Professor Selected to Receive Prestigious Honor in Sierra Leone

photo of Dr. Bankole Thompson

An Eastern Kentucky University professor will soon receive the highest possible honor from the Sierra Leone Institute of International Law.

Dr. Bankole Thompson, professor of criminal justice studies at EKU and a native of the West African country, along with four other renowned academicians and practitioners of international law, will be recognized as Fellows at a banquet on Monday, April 25. The award will be presented to these Sierra Leoneans and foreign nationals “who have excelled in the teaching, wider appreciation and dissemination of international law in Sierra Leone and the sub-region.”

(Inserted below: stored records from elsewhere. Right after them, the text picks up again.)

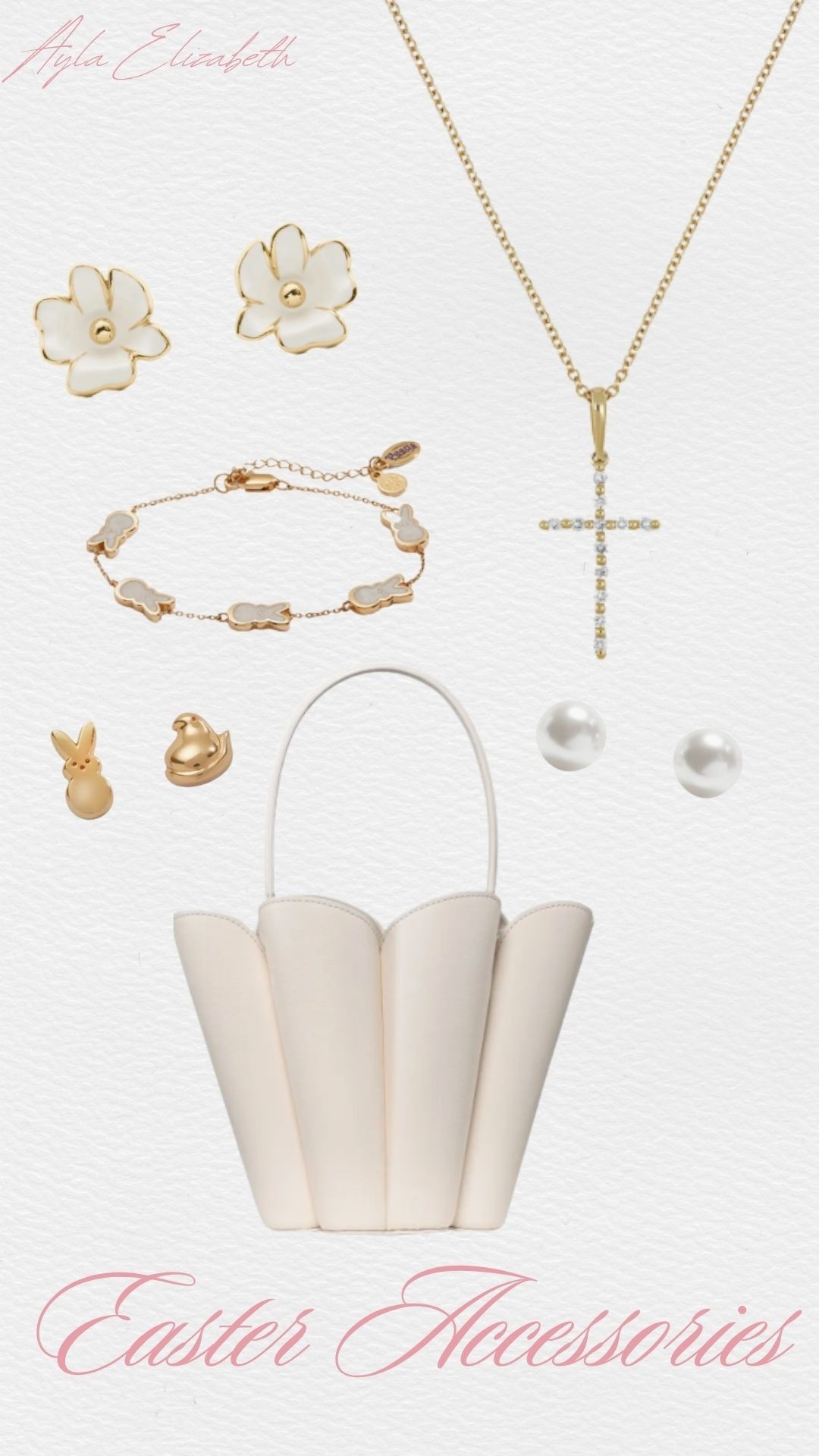 Easter accessories ☁️

#LTKSeasonal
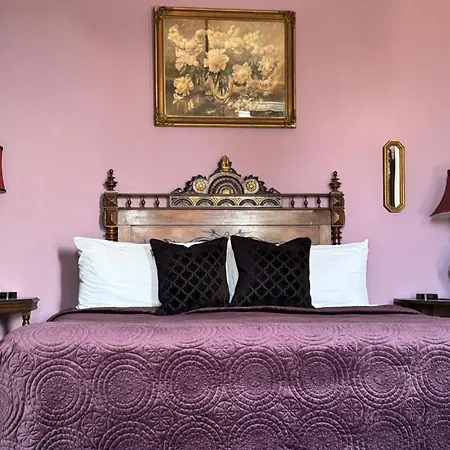 The Dragonfly Treme-Historic Guesthouse-Near French Quarter-2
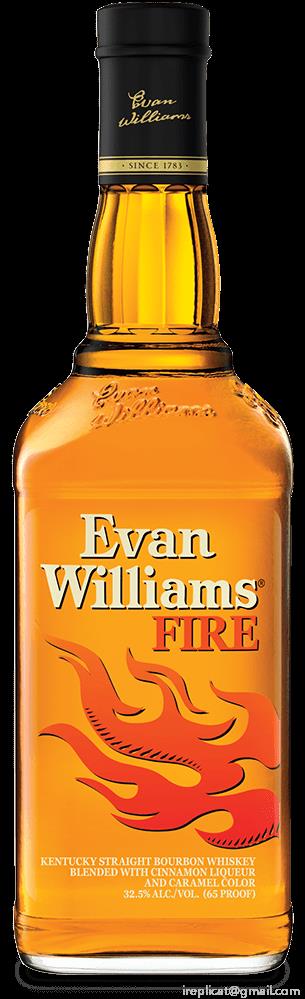 Evan Williams Fire (750Ml)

While serving as a judge of the United Nations-backed Special Court for Sierra Leone, Thompson contributed significantly to the jurisprudence of that tribunal and thereby to international humanitarian and human rights law. He was one of eight judges appointed in 2002 to a three-year term on the special regional court, which was “empowered to try to punish all persons who carry the greatest responsibility for serious violations of international humanitarian law, human rights law and criminal law of Sierra Leone committed during a period of hostilities and rebel insurgency,” he said at the time of his appointment.

Beginning in 1991, fighting between the Sierra Leone government and the Revolutionary United Front resulted in tens of thousands of deaths and the displacement of more than 2 million people, more than one third of the country’s population.

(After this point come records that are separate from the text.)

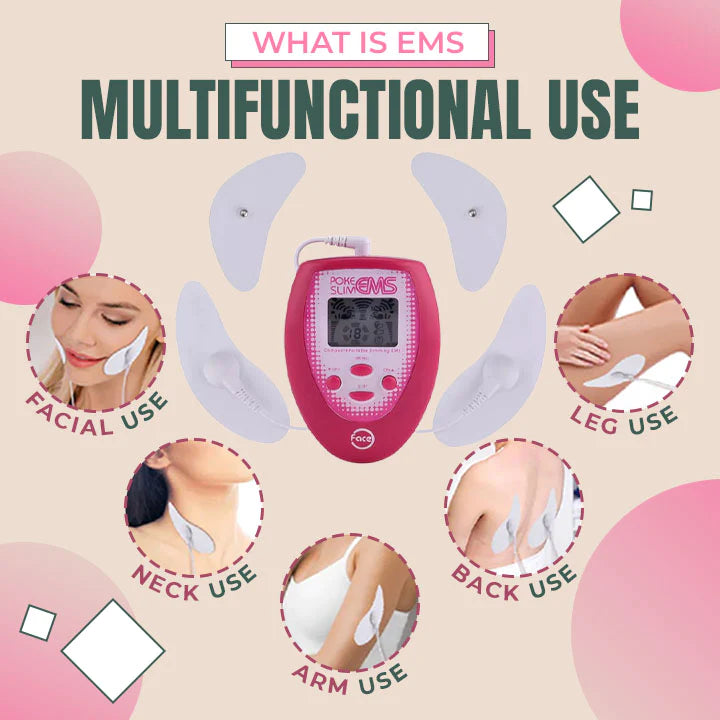 PokeSlim™ MicroCurrent Acupoints Therapeutic Massager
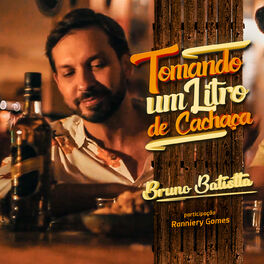 Album cover of Tomando um Litro de Cachaça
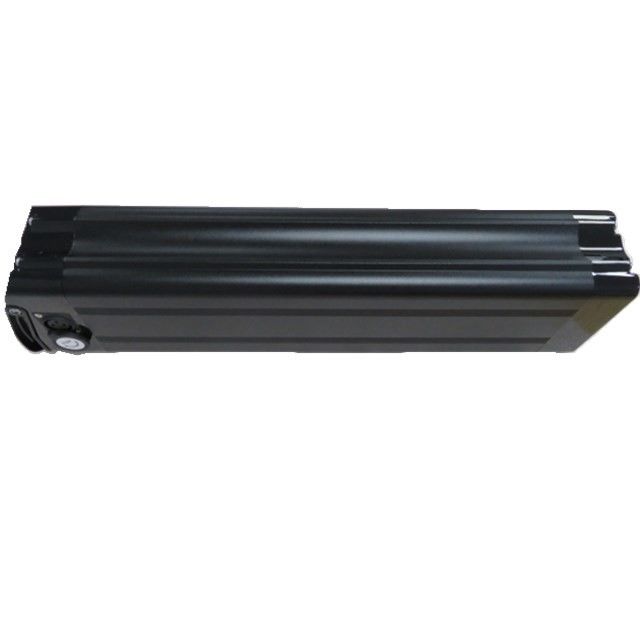 Pacchetto batteria Silver Fish 48V 15Ah per Ebike con 3P Cannon Head Charging Port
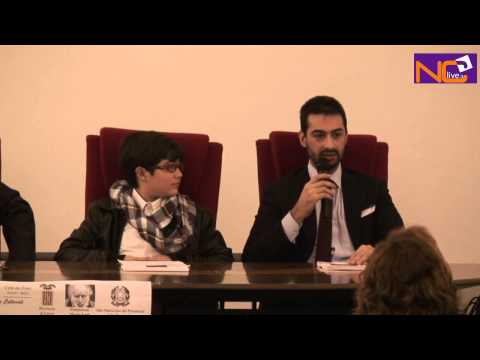 Presentazione del libro di Michele Calandriello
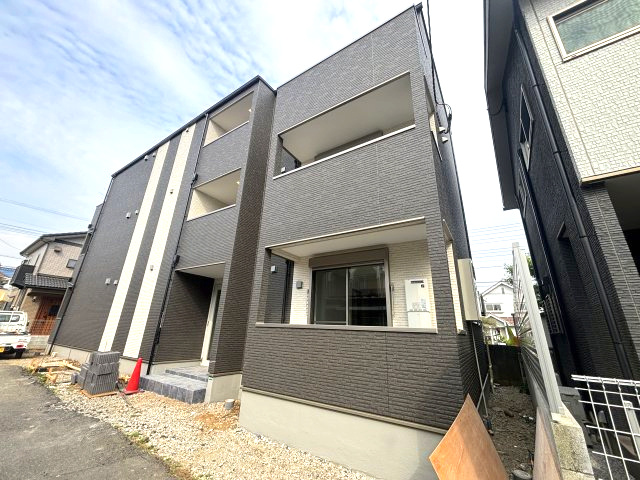 （仮称）ジーメゾン岩槻仲町の外観|★ネット無料★オートロック★エアコン★新築★宅配ボックス★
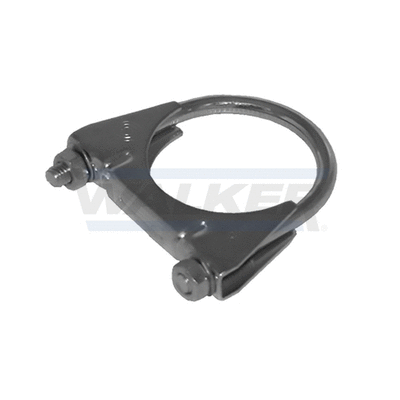 Clamping Piece, exhaust system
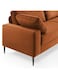 Jeses MINIMORE Modern Style Etta 84.3" Mid-Century Modern Design Sofa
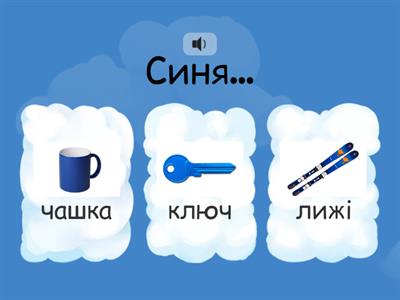 Граматика (прикметник+іменник); звуки сшжз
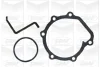 Помпа води Subaru Forester/Impreza/Legacy/Outback 1.6-2.5AWD/1.6-2.0/2.2i 4WD 89-09 (B/B) (8 лоп) GRAF PA519A (фото 2)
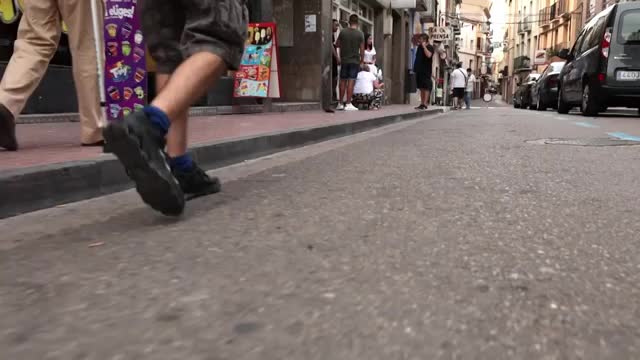Calle Mayor (Alagón)
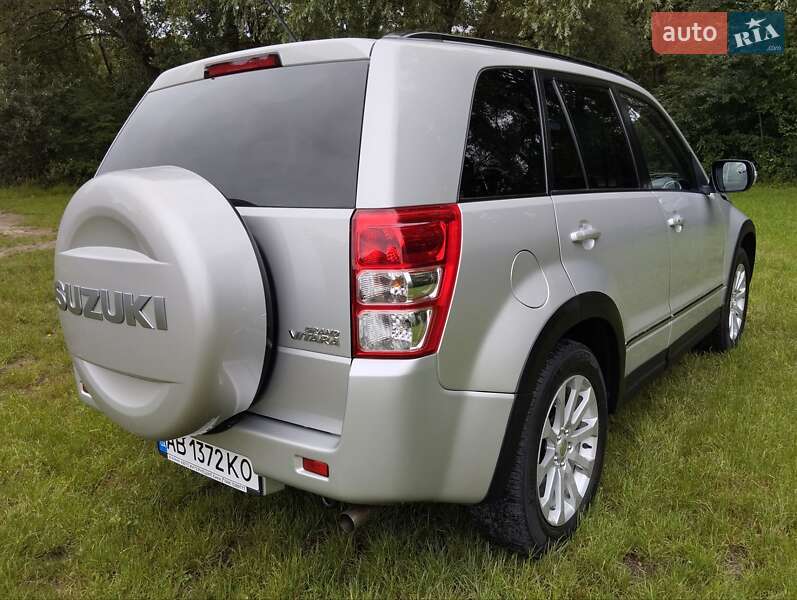 Позашляховик / Кросовер Suzuki Grand Vitara 2013 в Вінниці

Thompson, who joined the EKU faculty in 1995 and formerly served as dean of graduate studies, is the author of “The Constitutional History and Law of Sierra Leone (1961-95)” and “The Criminal Law of Sierra Leone,” as well as “American Criminal Procedures.”

Sierra Leone, slightly smaller than South Carolina in size, borders the North Atlantic Ocean between Guinea and Liberia.

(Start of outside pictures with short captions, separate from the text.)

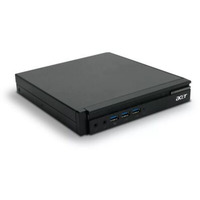 Acer Veriton N4640G Reconditionné, PC Noir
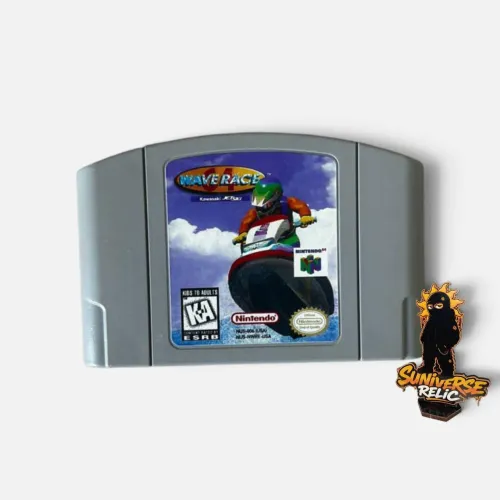 Wave Race Americano Nintendo 64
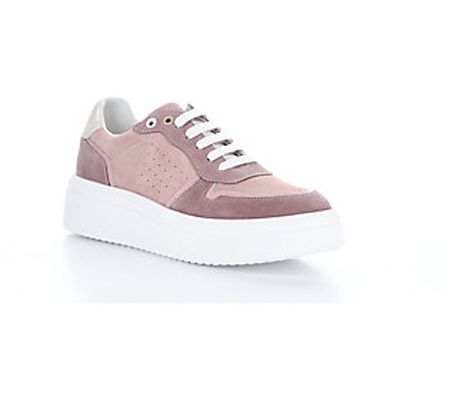 Bos. & Co. Suede  Fashion Sneakers Fulton-S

Prior to coming to the U.S., Thompson served as Principal State Attorney in Sierra Leone; Legal Officer for the Mano River Union, a West African economic group composed of Sierra Leone, Liberia and Guinea; and High Court Judge. He also was a founding member of the country’s Law Reform Commission and was the first African to hold the David Brennan Chair of Comparative Constitutional Law at the University of Akron Law School.

He earned bachelor’s and master’s degrees from Fourah Bay College (Sierra Leone), then affiliated with the University of Durham, and M.A., LL.B. and Ph.D. degrees from the University of Cambridge in Great Britain.